タクシンが金だけを出すのならばビッグ4に迫る存在の一番手ではないでしょうか。
posted by ノディ | 2008-06-29 17:10
>ノディさん
ダービーでのダブルは「目に者見せてくれたわ!」って感じでしょうね。あの2試合は本当に見事でした。
このチームは若手選手に元気があるのが良いですよね。ま、アイルランドは仰る辺り奔放すぎる面もあるのですが、元気が無いのよりはマシでしょう。タクシンにはくれぐれも身をわきまえてほしいですねぇ。

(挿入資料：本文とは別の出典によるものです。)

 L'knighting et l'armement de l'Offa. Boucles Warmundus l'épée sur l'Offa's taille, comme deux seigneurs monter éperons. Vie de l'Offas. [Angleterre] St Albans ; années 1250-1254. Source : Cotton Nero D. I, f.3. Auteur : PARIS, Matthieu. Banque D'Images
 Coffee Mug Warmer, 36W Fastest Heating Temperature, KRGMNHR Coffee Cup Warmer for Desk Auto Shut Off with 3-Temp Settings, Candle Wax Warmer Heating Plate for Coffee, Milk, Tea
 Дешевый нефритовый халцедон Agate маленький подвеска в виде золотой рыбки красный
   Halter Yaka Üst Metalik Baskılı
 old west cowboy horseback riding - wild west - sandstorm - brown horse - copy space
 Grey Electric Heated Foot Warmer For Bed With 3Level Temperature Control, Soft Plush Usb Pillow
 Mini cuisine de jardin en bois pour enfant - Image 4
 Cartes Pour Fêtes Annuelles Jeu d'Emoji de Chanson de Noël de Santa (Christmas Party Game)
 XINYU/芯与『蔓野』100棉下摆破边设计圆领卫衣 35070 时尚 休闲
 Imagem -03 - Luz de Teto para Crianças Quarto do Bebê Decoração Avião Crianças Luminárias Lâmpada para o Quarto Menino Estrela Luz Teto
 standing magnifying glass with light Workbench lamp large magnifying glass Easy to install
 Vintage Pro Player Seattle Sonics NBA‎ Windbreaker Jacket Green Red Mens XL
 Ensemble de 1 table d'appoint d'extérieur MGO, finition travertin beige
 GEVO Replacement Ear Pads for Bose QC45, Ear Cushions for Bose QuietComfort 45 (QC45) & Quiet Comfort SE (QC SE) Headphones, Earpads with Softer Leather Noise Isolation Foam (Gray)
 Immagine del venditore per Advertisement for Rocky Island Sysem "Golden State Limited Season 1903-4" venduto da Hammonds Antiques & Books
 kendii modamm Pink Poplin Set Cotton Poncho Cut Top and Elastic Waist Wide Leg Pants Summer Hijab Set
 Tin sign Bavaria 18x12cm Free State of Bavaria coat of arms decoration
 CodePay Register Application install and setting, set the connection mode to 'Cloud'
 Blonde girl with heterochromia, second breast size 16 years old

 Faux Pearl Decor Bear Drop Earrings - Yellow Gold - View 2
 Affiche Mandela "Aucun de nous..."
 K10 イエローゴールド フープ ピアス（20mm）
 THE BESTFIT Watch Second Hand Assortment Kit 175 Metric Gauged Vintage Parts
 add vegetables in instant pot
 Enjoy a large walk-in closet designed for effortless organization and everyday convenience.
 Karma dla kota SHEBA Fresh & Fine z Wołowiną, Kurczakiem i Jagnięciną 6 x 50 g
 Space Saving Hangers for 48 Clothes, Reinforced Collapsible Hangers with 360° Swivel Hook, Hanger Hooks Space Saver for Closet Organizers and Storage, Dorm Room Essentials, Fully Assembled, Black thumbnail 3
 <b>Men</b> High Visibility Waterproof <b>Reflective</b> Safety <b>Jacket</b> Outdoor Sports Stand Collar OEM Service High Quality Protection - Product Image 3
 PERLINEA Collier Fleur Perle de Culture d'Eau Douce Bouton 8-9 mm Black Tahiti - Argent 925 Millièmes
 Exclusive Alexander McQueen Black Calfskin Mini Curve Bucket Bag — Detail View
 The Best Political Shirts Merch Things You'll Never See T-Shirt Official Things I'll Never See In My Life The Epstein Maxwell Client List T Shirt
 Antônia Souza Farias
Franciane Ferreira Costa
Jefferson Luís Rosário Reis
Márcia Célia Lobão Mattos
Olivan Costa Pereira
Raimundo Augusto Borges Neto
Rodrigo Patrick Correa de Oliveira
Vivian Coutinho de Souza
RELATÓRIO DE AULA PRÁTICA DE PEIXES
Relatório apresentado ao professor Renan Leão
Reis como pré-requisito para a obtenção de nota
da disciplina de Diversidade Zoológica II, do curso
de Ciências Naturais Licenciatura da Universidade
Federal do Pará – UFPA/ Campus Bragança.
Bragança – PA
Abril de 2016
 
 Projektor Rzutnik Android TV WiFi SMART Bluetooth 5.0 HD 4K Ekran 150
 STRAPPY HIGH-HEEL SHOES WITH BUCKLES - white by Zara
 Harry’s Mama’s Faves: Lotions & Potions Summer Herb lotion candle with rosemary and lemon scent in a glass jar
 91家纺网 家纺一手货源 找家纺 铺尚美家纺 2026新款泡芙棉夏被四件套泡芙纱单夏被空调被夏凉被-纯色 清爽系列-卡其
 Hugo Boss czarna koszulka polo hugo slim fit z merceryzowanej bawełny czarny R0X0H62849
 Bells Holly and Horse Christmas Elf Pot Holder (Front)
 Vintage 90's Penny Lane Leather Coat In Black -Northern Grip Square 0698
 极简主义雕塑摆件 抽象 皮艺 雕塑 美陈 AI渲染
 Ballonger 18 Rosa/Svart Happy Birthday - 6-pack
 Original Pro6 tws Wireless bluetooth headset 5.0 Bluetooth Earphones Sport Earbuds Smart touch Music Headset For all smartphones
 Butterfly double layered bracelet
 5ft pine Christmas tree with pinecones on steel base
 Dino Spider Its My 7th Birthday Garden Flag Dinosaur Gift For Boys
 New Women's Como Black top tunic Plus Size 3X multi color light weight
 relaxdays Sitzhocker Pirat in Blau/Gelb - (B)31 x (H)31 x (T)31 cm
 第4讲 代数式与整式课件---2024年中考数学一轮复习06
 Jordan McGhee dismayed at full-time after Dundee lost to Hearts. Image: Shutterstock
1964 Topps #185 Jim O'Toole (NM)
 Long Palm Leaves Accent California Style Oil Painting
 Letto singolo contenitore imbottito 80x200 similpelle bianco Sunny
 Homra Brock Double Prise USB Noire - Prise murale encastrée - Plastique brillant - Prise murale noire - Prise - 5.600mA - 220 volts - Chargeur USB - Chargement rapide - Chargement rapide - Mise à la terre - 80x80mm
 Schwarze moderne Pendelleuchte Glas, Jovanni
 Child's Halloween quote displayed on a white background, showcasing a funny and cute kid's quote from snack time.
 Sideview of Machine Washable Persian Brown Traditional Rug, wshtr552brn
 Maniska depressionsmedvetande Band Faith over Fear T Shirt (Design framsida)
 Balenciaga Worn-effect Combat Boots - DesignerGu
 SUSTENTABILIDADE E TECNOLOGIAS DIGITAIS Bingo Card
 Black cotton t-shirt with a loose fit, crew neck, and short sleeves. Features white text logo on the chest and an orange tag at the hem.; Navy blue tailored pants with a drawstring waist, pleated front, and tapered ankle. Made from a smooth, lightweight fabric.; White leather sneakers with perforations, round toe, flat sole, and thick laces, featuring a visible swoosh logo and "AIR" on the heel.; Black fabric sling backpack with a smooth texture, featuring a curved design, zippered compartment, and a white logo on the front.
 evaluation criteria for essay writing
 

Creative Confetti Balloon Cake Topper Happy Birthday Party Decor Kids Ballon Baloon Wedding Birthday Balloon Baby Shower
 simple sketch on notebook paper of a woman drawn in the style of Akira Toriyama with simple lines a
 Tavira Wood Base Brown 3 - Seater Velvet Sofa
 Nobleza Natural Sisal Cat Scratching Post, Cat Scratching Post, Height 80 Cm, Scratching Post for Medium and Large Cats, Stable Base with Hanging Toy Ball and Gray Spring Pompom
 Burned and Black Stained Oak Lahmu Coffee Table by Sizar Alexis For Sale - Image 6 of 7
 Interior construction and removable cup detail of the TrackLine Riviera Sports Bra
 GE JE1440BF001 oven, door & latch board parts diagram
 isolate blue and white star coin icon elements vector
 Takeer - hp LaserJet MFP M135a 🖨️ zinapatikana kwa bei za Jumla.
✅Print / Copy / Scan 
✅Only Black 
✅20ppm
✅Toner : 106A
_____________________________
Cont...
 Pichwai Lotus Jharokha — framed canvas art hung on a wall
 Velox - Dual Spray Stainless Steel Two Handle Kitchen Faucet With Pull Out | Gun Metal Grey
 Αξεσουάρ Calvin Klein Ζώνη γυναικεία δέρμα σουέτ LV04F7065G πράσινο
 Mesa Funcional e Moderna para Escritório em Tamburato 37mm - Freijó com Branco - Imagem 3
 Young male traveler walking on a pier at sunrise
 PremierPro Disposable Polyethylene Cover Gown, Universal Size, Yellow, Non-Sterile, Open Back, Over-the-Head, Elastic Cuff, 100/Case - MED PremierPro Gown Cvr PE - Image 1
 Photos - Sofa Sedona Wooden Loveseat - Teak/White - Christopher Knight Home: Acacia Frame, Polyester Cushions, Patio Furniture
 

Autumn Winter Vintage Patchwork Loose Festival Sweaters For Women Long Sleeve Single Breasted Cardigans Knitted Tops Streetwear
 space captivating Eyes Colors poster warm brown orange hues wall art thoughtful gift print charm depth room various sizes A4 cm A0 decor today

posted by Alan Hetarade | 2008-06-30 23:08
07~08プレミアリーグ総括 【マンチェスター・シティー】
はじめまして。
おっしゃる通りやはりビアンキ、ベンジャニがハズレだっ
たこと、選手層が薄かったことが痛かったですね。後半はボロが出た感じでした。
前半の4-4-1-1が機能していただけにエリクソンはそれを続けたかったと思うのですが、上記の11人で試合をする機会が1度もなかったのが悔やまれます。理想のスタメンは上のようになるでしょうね。